COOPERSTOWN —A state judge is expected to decide whether Acting Otsego County Treasurer Henry “Russ” Bachman can have his name appear on the election ballot this November after the camp of his rival brought legal action contesting his signatures on petitions.
The notice of the lawsuit was filed in the Otsego County clerk’s office this week on behalf of Edward Keator Jr., the Cooperstown village treasurer who jumped into the county treasurer race after Treasurer Dan Crowell announced last month he would not seek re-election.
Democrats immediately coalesced behind Bachman, a political independent who began a petition drive aimed at making him the candidate of the upstart Otsego First party. Keator, a Republican, also waged a petition drive that would give him ballot status for the Common Sense party.

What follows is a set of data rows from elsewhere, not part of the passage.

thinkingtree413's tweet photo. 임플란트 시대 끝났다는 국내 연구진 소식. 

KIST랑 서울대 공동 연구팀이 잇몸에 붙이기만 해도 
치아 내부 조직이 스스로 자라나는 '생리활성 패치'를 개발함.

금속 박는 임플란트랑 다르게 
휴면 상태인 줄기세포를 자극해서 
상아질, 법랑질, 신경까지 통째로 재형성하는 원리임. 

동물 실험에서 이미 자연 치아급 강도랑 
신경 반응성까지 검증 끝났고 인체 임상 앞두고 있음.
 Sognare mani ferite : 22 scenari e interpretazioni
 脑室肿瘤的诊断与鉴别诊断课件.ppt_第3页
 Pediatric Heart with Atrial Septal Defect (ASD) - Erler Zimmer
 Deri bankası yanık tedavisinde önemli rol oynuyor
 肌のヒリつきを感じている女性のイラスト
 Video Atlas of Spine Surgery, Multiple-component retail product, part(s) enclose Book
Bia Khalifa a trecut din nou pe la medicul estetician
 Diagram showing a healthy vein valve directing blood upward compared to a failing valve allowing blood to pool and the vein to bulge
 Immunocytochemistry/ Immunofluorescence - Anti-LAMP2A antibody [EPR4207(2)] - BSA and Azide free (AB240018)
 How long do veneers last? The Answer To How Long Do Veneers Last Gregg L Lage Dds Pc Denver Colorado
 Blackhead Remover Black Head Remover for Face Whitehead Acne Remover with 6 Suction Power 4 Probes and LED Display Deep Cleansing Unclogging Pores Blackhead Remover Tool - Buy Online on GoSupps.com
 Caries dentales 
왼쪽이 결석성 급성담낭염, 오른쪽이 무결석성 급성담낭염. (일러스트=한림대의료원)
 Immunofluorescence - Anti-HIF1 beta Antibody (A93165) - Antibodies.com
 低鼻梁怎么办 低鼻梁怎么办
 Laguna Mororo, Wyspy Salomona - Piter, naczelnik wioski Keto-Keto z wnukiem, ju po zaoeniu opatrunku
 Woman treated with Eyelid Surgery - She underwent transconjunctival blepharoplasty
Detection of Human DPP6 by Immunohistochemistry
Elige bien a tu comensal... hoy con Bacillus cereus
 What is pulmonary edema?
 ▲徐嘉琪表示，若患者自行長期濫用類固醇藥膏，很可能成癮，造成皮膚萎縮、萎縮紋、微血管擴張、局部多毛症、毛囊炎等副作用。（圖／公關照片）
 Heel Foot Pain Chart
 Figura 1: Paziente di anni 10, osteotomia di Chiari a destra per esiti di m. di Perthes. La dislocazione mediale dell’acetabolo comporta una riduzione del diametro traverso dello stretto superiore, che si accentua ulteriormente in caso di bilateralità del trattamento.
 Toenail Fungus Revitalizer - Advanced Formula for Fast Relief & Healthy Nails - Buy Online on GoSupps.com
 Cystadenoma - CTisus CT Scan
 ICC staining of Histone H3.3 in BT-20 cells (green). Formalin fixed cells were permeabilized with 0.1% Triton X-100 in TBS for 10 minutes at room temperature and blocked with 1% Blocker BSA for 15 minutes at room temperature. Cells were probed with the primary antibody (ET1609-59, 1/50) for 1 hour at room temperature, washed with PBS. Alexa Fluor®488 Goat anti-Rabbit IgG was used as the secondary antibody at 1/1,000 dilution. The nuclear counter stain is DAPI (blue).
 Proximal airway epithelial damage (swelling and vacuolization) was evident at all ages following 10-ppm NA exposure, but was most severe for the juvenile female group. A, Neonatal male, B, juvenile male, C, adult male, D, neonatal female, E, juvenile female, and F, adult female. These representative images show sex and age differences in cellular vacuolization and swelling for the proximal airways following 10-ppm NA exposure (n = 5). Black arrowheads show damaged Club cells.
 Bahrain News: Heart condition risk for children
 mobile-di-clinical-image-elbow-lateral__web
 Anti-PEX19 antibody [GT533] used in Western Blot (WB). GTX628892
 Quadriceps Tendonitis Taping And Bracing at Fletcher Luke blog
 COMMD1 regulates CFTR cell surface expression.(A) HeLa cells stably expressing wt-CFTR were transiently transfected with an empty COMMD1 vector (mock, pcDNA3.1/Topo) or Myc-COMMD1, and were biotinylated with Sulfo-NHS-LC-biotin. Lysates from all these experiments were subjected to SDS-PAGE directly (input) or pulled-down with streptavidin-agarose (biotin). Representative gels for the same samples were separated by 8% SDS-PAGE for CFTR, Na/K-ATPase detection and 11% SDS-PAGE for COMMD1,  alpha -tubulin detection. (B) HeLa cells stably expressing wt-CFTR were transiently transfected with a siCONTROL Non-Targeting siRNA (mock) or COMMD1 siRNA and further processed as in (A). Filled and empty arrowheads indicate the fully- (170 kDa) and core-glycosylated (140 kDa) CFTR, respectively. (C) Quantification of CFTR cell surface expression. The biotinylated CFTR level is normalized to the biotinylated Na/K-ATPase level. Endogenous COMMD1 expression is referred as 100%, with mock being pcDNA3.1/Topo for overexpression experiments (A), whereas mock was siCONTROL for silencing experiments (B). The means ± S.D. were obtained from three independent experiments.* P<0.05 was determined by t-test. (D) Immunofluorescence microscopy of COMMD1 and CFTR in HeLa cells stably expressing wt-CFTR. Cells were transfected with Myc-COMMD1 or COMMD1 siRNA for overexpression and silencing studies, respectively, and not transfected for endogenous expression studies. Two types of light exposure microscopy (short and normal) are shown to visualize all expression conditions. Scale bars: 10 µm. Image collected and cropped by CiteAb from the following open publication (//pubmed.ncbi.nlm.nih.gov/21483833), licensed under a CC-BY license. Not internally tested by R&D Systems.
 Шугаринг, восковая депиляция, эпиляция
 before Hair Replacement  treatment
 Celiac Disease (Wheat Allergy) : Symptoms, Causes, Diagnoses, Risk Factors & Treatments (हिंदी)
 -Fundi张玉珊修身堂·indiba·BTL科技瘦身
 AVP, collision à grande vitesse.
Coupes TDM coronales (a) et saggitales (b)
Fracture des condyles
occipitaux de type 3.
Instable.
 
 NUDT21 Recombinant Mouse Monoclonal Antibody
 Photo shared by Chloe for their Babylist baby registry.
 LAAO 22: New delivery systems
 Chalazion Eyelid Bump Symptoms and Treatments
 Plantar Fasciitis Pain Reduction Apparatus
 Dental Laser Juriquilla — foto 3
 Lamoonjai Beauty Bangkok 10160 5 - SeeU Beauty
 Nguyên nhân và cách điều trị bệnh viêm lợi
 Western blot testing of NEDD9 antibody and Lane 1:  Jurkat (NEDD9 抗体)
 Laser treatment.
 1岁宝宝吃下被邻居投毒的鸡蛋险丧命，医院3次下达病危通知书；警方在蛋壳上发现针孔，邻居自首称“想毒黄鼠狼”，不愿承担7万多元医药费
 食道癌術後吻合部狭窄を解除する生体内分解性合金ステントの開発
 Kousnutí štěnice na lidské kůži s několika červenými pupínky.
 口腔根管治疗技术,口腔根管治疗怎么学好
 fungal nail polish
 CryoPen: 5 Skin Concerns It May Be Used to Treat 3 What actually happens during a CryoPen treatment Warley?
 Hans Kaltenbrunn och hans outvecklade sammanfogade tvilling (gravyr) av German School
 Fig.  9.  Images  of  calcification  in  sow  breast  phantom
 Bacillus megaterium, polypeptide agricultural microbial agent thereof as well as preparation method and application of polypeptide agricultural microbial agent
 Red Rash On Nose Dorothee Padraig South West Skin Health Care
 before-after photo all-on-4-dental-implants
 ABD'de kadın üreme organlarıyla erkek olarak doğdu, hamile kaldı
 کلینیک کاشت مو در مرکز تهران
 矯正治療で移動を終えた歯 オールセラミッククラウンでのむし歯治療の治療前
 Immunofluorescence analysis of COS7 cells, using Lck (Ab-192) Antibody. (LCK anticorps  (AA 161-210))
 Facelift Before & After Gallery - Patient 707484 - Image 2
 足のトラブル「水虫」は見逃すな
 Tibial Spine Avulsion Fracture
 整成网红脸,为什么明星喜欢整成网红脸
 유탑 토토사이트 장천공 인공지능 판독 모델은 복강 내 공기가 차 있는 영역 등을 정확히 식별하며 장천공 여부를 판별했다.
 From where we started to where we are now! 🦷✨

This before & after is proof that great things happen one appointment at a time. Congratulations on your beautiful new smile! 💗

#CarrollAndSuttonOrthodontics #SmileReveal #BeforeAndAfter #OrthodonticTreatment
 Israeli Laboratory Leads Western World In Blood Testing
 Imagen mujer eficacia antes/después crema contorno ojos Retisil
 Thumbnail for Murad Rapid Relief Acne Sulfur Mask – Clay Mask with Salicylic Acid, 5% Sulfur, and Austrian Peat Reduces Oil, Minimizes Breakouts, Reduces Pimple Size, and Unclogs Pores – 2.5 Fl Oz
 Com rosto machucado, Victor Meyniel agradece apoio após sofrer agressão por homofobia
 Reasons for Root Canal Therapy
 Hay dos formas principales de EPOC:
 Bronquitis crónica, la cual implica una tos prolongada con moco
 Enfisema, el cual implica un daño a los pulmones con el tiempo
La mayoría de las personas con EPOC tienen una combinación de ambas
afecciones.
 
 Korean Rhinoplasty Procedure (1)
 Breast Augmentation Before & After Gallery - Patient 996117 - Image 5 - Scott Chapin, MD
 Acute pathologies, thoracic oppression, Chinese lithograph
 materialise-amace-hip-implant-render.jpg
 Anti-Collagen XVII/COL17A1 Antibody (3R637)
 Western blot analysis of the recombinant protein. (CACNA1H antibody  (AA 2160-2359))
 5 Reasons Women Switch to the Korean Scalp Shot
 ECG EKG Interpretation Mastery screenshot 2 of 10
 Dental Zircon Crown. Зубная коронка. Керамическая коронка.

The stage was set for the lawsuit last Friday when Keator’s camp challenged 741 of the 1,148 signatures filed by Bachman’s campaign team, headed by Otsego County Democratic Chairman Richard Abbate.
A total of 909 valid signatures are needed in order to obtain ballot status for the county-wide race, officials said.
Hank Nicols, the county’s Democratic elections commissioner, said most of the objections to Bachman’s signatures were for “insignificant and or minor discrepancies,” and that the Bachman effort achieved “substantial compliance with election law.”
He and his GOP counterpart, Sheila Ross, who is also the Otsego County Republican Chairwoman, disagreed on whether Bachman should have his name on the ballot. This week, a “citizen objector” to Bachman’s petitions, Diane Koffer of Cooperstown, filed the legal action against Bachman, with Cooperstown lawyer Martin Tillapaugh representing her.
Ross said Bachman’s petition papers were riddled with invalid signatures, saying they included some residents who are not registered to vote as well as some who have been purged from the rolls, while others gave addresses that failed to match with addresses on file and others had no dates and gave incomplete addresses.
“Mr. Nicols and I split on a lot of things,” Ross said. “I followed the law.”
Abbate said while he is optimistic that Bachman will retain a ballot berth, he is considering urging Crowell — whose name will appear on the ballot — to mount a candidacy if Bachman gets knocked off.
“If he does that, then he is flip-flopping, like the Democrats do,” Ross said of Abbate.
Abbate shot back that Keator’s backers are “taking the low road” in what he called an effort by Republicans to deprive county voters of an opportunity to choose Bachman as the person in charge of the county treasury.
The case has been assigned to Tompkins County state Supreme Court Judge Robert C. Mulvey, officials said.